With Harrow steering toward a bigger, more diversified product slate and a stronger commercial footprint, the story shifts from a quarterly flush of revenue to a longer, steadier stream of cash generation. For the equity narrative, the key questions will be: Does the 2026 revenue forecast translate into meaningful EPS momentum on a per-share basis? How durable is the revenue mix as VEVYE, IHEEZO, and TRIESENCE scale? And how quickly can Harrow convert pipeline opportunities into repeated, outsized operating cash flows? In the sector, peers with similar product suites and office-based adoption curves may watch Harrow’s cadence closely, particularly the pace of sales-force expansion and how the company balances R&D investment with profitability metrics like EPS consensus and EBITDA margins.

Operational takeaways: One Harrow and the development roadmap

The press materials emphasize a unified operating plan—“One Harrow”—that aims to coordinate commercial execution, development efforts, and market access.
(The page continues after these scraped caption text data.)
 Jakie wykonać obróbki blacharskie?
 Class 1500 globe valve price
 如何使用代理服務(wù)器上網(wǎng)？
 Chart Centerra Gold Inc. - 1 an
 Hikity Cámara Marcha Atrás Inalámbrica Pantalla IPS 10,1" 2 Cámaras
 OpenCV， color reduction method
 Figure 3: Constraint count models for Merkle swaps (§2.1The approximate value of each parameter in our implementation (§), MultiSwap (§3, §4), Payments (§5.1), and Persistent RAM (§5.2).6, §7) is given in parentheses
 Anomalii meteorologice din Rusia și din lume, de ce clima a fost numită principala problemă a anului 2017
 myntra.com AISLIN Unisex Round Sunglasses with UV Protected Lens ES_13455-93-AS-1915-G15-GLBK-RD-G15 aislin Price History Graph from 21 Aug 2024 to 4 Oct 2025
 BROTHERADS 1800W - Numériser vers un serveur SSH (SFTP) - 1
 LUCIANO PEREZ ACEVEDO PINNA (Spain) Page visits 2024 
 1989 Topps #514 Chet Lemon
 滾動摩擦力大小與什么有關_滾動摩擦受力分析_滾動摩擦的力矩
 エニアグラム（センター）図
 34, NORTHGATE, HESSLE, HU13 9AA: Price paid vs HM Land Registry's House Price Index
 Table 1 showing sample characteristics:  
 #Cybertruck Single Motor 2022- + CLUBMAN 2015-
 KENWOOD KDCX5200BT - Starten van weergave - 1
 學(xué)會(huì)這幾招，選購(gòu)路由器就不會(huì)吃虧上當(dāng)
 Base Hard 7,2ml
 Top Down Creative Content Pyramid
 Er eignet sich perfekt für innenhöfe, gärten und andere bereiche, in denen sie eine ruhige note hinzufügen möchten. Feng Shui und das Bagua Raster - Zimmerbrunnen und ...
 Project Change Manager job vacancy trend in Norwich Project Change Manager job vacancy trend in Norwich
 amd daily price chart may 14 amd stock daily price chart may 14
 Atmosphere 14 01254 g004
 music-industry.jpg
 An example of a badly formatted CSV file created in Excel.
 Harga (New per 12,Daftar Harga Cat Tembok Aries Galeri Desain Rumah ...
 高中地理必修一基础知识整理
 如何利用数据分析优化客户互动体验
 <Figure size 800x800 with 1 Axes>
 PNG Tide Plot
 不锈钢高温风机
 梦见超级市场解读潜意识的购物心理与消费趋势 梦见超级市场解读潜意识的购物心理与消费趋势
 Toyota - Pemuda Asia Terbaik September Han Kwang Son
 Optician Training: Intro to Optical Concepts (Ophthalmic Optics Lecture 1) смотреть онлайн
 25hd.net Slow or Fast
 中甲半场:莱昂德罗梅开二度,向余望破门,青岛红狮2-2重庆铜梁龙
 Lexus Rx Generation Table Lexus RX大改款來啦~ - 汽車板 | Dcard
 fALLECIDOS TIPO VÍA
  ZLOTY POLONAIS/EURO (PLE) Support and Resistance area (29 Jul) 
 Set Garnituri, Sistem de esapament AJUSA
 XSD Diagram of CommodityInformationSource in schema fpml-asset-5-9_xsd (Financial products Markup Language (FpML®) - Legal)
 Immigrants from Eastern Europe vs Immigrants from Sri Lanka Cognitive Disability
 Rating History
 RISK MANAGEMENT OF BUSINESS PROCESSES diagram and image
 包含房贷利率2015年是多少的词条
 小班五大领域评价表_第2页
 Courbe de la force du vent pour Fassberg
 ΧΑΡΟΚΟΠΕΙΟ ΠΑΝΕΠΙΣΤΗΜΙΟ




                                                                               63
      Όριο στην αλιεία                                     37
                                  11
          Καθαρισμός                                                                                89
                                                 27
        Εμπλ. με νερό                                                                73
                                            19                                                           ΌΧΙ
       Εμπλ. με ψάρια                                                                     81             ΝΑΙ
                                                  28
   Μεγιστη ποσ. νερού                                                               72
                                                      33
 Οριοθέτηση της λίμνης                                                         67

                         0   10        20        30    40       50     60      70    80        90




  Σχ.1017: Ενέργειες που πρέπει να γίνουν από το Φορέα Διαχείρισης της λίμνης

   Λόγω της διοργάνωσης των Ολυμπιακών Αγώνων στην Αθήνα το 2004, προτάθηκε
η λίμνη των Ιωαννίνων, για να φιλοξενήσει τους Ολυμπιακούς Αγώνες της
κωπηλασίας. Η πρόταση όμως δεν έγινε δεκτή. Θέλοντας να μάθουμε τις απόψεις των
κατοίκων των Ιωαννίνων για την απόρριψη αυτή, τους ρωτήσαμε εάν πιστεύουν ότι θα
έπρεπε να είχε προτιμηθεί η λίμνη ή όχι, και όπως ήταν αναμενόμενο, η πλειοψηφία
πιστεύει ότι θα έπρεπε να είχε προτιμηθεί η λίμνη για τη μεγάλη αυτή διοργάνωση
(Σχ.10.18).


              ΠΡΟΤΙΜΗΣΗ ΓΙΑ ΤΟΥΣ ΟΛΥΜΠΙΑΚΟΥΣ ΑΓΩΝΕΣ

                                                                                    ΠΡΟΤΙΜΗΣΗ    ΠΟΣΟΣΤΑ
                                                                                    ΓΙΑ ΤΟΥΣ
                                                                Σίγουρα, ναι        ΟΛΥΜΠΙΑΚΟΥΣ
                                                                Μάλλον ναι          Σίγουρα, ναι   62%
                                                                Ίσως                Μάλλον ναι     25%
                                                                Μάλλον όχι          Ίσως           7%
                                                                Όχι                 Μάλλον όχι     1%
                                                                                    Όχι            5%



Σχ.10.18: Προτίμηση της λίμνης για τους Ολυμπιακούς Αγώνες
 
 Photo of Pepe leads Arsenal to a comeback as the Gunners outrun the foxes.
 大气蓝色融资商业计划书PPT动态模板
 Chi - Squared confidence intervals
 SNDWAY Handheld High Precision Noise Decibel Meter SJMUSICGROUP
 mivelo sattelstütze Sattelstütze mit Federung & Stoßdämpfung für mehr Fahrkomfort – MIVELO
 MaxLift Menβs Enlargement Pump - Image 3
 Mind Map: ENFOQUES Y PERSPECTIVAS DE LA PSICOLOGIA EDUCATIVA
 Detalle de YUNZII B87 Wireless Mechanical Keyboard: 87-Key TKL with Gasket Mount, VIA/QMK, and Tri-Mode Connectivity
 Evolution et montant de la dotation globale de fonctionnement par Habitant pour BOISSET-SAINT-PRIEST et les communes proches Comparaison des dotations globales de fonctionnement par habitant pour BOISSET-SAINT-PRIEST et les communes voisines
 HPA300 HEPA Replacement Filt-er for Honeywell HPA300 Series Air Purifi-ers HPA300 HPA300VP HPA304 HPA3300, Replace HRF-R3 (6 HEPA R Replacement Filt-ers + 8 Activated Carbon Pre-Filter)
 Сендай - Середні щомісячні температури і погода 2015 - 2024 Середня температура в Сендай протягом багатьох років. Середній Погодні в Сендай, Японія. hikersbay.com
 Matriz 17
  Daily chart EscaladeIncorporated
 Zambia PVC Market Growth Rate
The pipeline mention—late-stage assets such as G-MELT (formerly MELT-300) and YOCHIL (formerly MELT-210)—highlights a strategy to extend a high-growth trajectory beyond current products. In practice, this means the company is betting on a productization cycle where regulatory milestones and field-adoption rates jointly shape the revenue and EBITDA path. A healthy cash balance and positive operating cash flow in 2025 bolster the balance sheet as Harrow advances this plan.

Bottom line: A disciplined growth story with a healthy cash spine

HROW’s reported results echo a familiar pattern: solid top-line growth, a transition from GAAP net income volatility to a more predictable EBITDA-driven profitability pathway, and a clear push toward a multi-year revenue trajectory. The 2026 revenue forecast and EBITDA guidance provide a framework for investor discussion—will management sustain the cadence into late 2020s, and how will the product mix, international expansion (if any), and operational leverage interact with the expectations baked into the EPS consensus? For now, Harrow trades on a plan as much as on a quarter’s performance, with the ticker symbol HROW perched above a long horizon of potential product launches and scaled adoption.

For readers tracking earnings dynamics, the story this season centers on the interplay between revenue forecast optimism and EPS trajectory, with attention to earnings surprise potential versus consensus expectations. The focus on 2026 guidance, EBITDA progression, and the cash-generation narrative are likely to influence how analysts model the stock in coming months.

Disclosure: The analysis reflects disclosed figures from Harrow’s EX-99.1 filing and accompanying press materials. ticker: HROW.